Getting Started with Hybrid Search with Milvus
With the release of Milvus 2.4, we introduced multi-vector search and the capability of doing hybrid search (multi-vector search). This new functionality enhances our vector similarity search and analysis of data by allowing simultaneous queries across multiple vector fields and integrating the results with re-ranking strategies.
What is Hybrid Search in Milvus?
Milvus supports the creation of up to 10 vector fields for the same dataset within a single collection. Based on this support, hybrid search allows users to search across multiple vector columns simultaneously. This capability allows for combining multimodal search, hybrid sparse and full keyword search, dense vector search, and hybrid dense and full-text search, offering versatile and flexible search functionality.

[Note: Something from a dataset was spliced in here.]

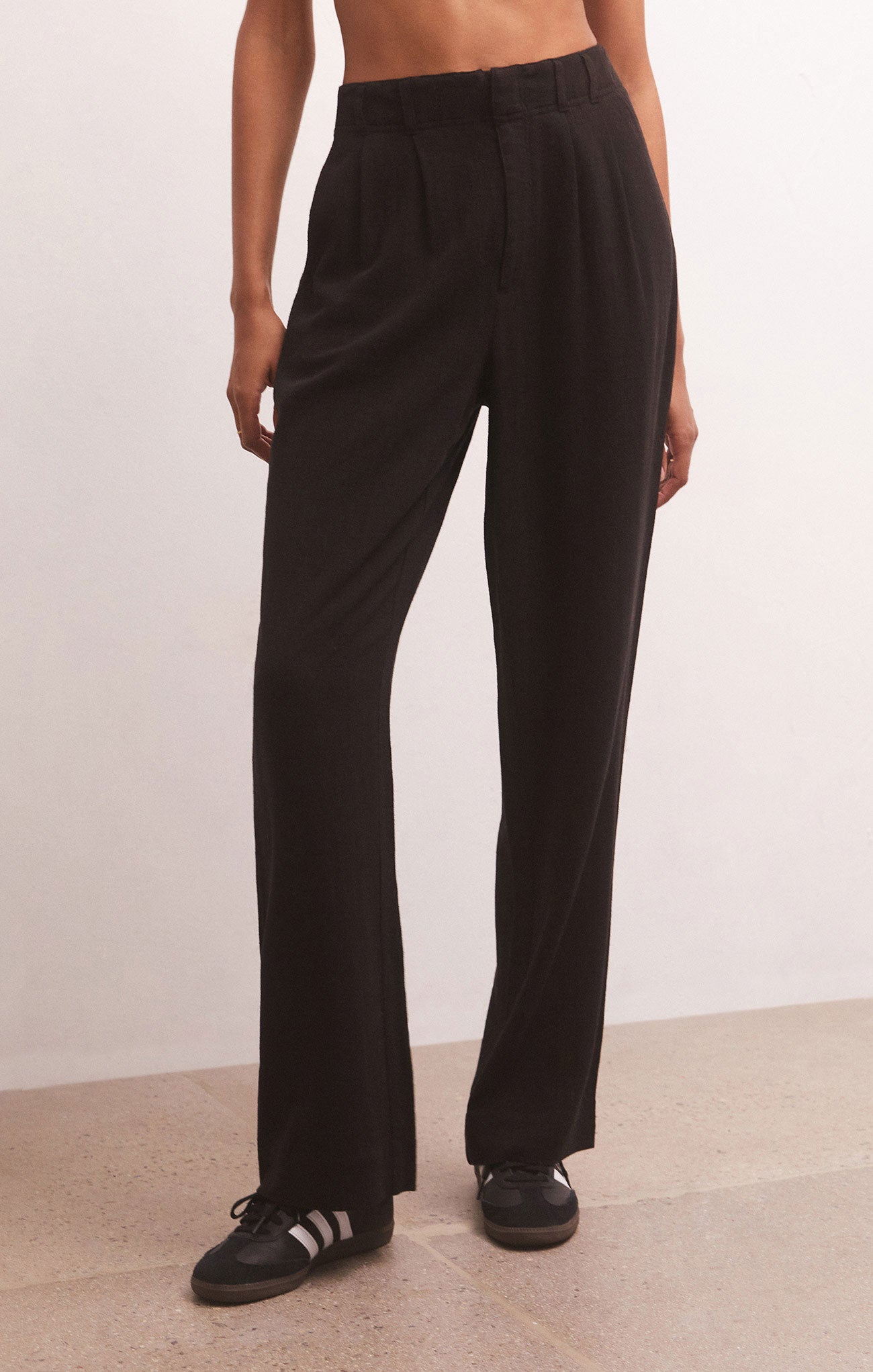 Farrah Pant in Black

These vectors in different columns represent diverse facets of data, originating from different embedding models or undergoing distinct processing methods. The results of hybrid searches are integrated using various reranking strategies.
Tutorial Overview
In this tutorial, you will learn how to leverage Milvus 2.4's hybrid search capabilities to enhance your search. We'll cover:
Create Sparse Embeddings
Create Dense Embeddings
Index your data in Milvus
Perform a hybrid search using the same collection.

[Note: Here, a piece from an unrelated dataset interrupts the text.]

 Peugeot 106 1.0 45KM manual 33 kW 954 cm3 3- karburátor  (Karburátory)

This tutorial will utilize the eSci dataset, a comprehensive product search dataset from Amazon. Additionally, we'll use the BGE-M3 model via the pymilvus[models]
library, which makes it easier to generate direct embedding within Milvus.
Install and Import the Needed Libraries
! pip install pymilvus[model] datasets
import pandas as pd
from datasets import load_dataset
from pymilvus import (
FieldSchema,
CollectionSchema,
DataType,
Collection,
AnnSearchRequest,
RRFRanker,
connections,
)
from pymilvus.model.hybrid import BGEM3EmbeddingFunction
Prepare the Dataset
The ESCI dataset is designed for the semantic matching of queries and products. In this section, we'll prepare the ESCI dataset. We'll focus on selecting a subset of the data and ensuring it's clean and ready for processing.
Download and Select a Subset
dataset = load_dataset("tasksource/esci", split="train")
dataset = dataset.select(range(500))
dataset = dataset.filter(lambda x: x["product_locale"] == "us")
dataset
Clean the data
Cleaning the dataset is crucial to avoid any bad search results being caused by duplicates or missing information.
source_df = dataset.to_pandas()
df = source_df.drop_duplicates(
subset=["product_text", "product_title", "product_bullet_point", "product_brand"]
)
# Drop rows with missing values
df = df.dropna(
subset=["product_text", "product_title", "product_bullet_point", "product_brand"]
)
df.head()
Here’s a quick look at what the data includes:
example_id query query_id product_id product_locale esci_label small_version large_version product_title product_description product_bullet_point product_brand product_color product_text
0 0 revent 80 cfm 0 B000MOO21W us Irrelevant 0 1 Panasonic FV-20VQ3 WhisperCeiling 190 CFM Ceil... None WhisperCeiling fans feature a totally enclosed... Panasonic White Panasonic FV-20VQ3 WhisperCeiling 190 CFM Ceil...
2 1 revent 80 cfm 0 B07X3Y6B1V us Exact 0 1 Homewerks 7141-80 Bathroom Fan Integrated LED ... None OUTSTANDING PERFORMANCE: This Homewerk's bath ... Homewerks 80 CFM Homewerks 7141-80 Bathroom Fan Integrated LED ...
3 2 revent 80 cfm 0 B07WDM7MQQ us Exact 0 1 Homewerks 7140-80 Bathroom Fan Ceiling Mount E... None OUTSTANDING PERFORMANCE: This Homewerk's bath ... Homewerks White Homewerks 7140-80 Bathroom Fan Ceiling Mount E...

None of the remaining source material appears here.